__REQUIREMENT__: Please transcribe exactly the lines from the first line of the records below through the line containing "Peugeot-3008-Hybrid-owners-manual page 227", including both, and omit all pictures.

┌─ SUPPLIED ENTRIES

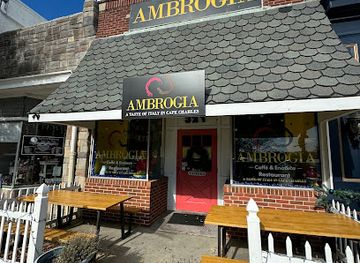 virginia/eastern-shore/restaurant/ambrogia-caffe-enoteca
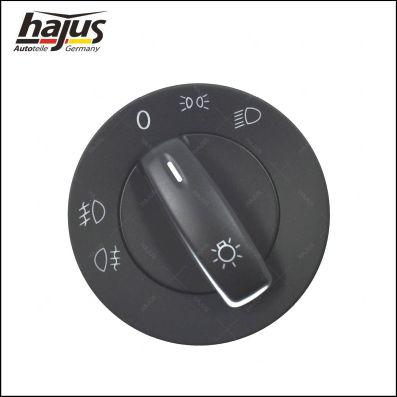 hajus Autoteile 9191058 - Вимикач, головне світло avtolavka.club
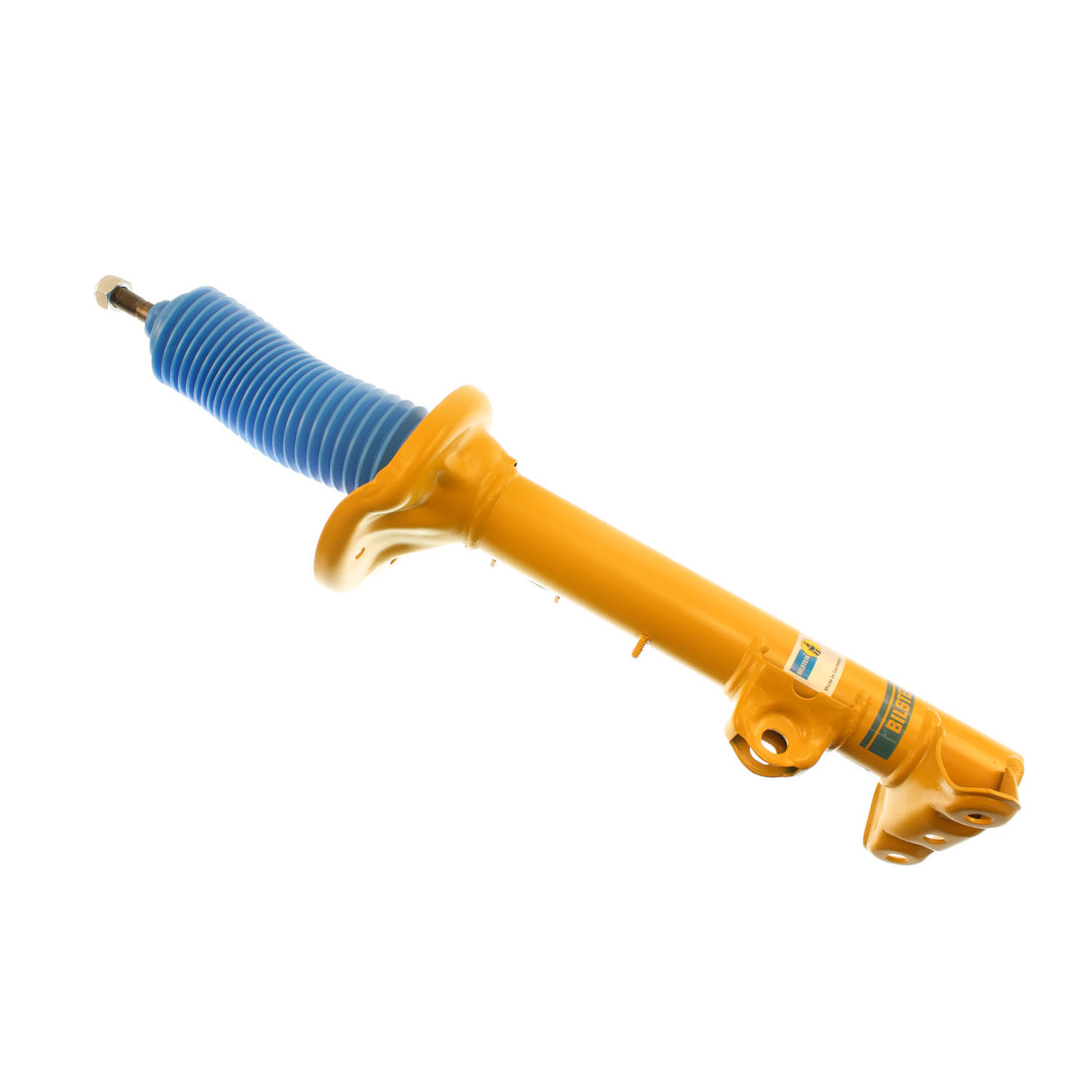 Bilstein Shock Absorbers Bilstein Suspension Strut Assembly  AXOPROS
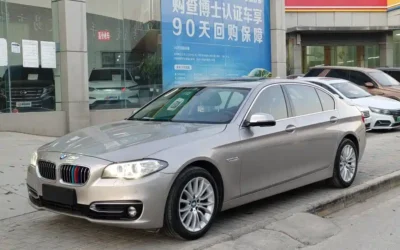 BMW BMW X1 в цвете и кузовом – это идеальный выбор среди китайских автомобилей. Доступная цена и надежность гарантированы.
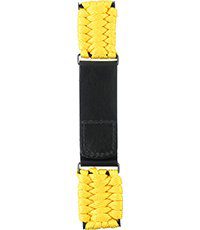 Fossil Unisex horloge (ABQ2523)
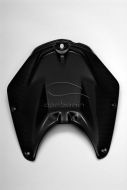 Carbonin BMW S1000RR / HP4 2010-2014 Carbon Fibre Tank Cover (OEM)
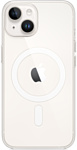Apple MagSafe Clear Case для iPhone 14 (прозрачный)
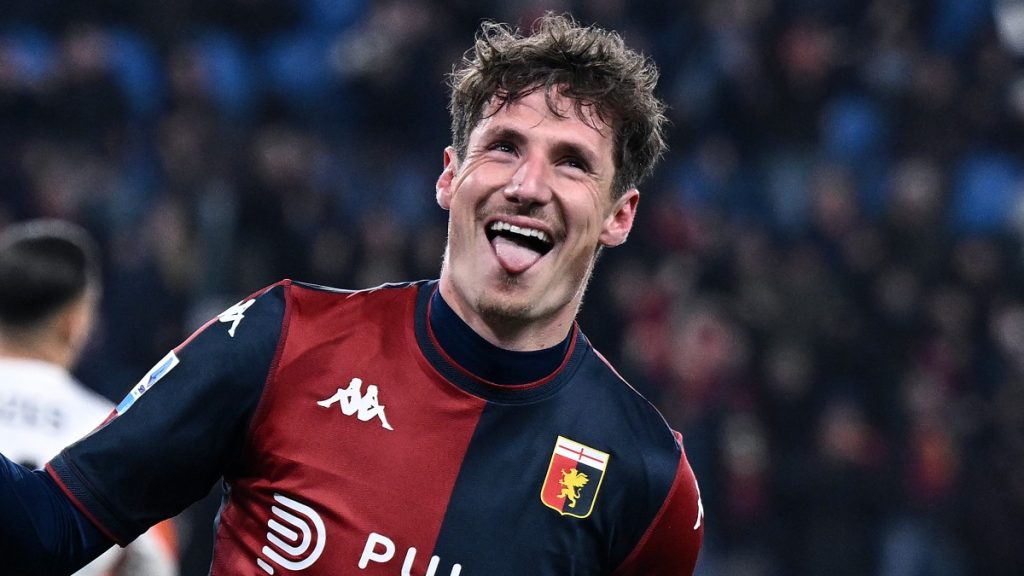 Pinamonti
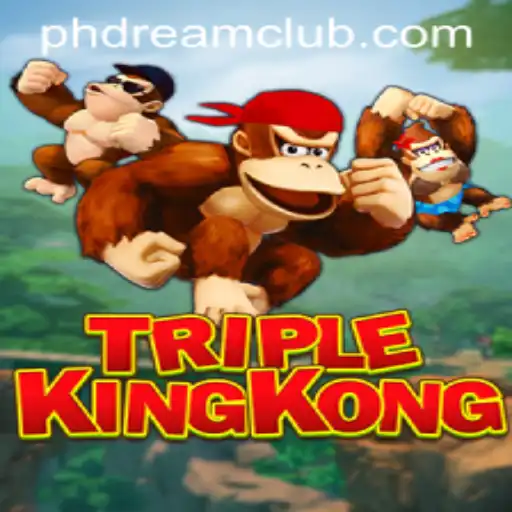 TripleKingKong: A Gaming Revolution with PHDream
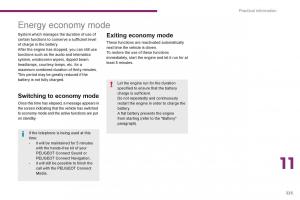 Peugeot-3008-Hybrid-owners-manual page 227 min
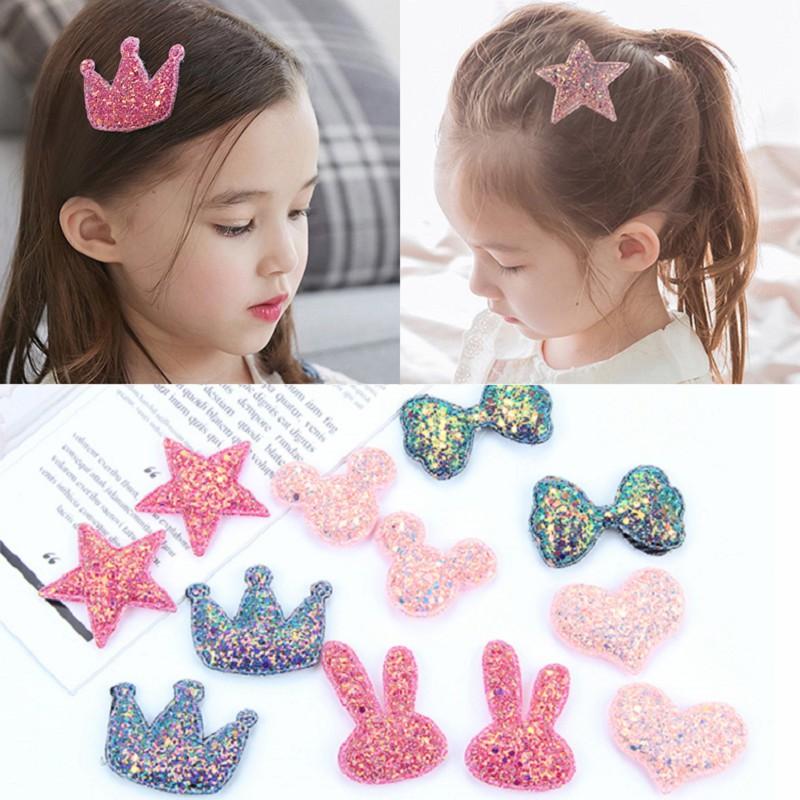 Hair Accessories Children's Bangs Stickers Baby Headdress Magic Stars Bow Girl AccessoriesHairHair, 18
Hair Accessories Children's Bangs Stickers Baby Headdress Magic Stars Bow Girl AccessoriesHairHair, 18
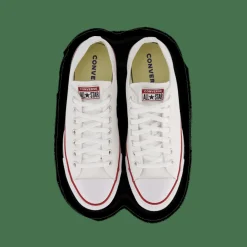 Converse All star Canvas Ox Optical White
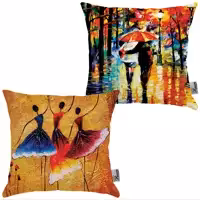 کوسن مخصوص مبل صندلی راحتی نشیمن سایز 43 در 43 مدل S21-34-41 شرکت رنس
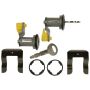 Standard Motor Products DL-18 Door Lock Kit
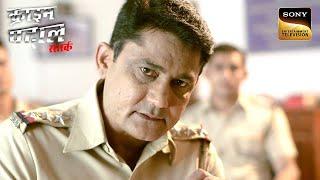 एक Extra-marital Affair ने बर्बाद की 2 Families! - Part 1 | Crime Patrol | Inspector Series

└─

__SOLUTION TO THIS PROBLEM__:
 virginia/eastern-shore/restaurant/ambrogia-caffe-enoteca
 hajus Autoteile 9191058 - Вимикач, головне світло avtolavka.club
 Bilstein Shock Absorbers Bilstein Suspension Strut Assembly  AXOPROS
 BMW BMW X1 в цвете и кузовом – это идеальный выбор среди китайских автомобилей. Доступная цена и надежность гарантированы.
 Fossil Unisex horloge (ABQ2523)
 Carbonin BMW S1000RR / HP4 2010-2014 Carbon Fibre Tank Cover (OEM)
Apple MagSafe Clear Case для iPhone 14 (прозрачный)
 Pinamonti
 TripleKingKong: A Gaming Revolution with PHDream
 Peugeot-3008-Hybrid-owners-manual page 227 min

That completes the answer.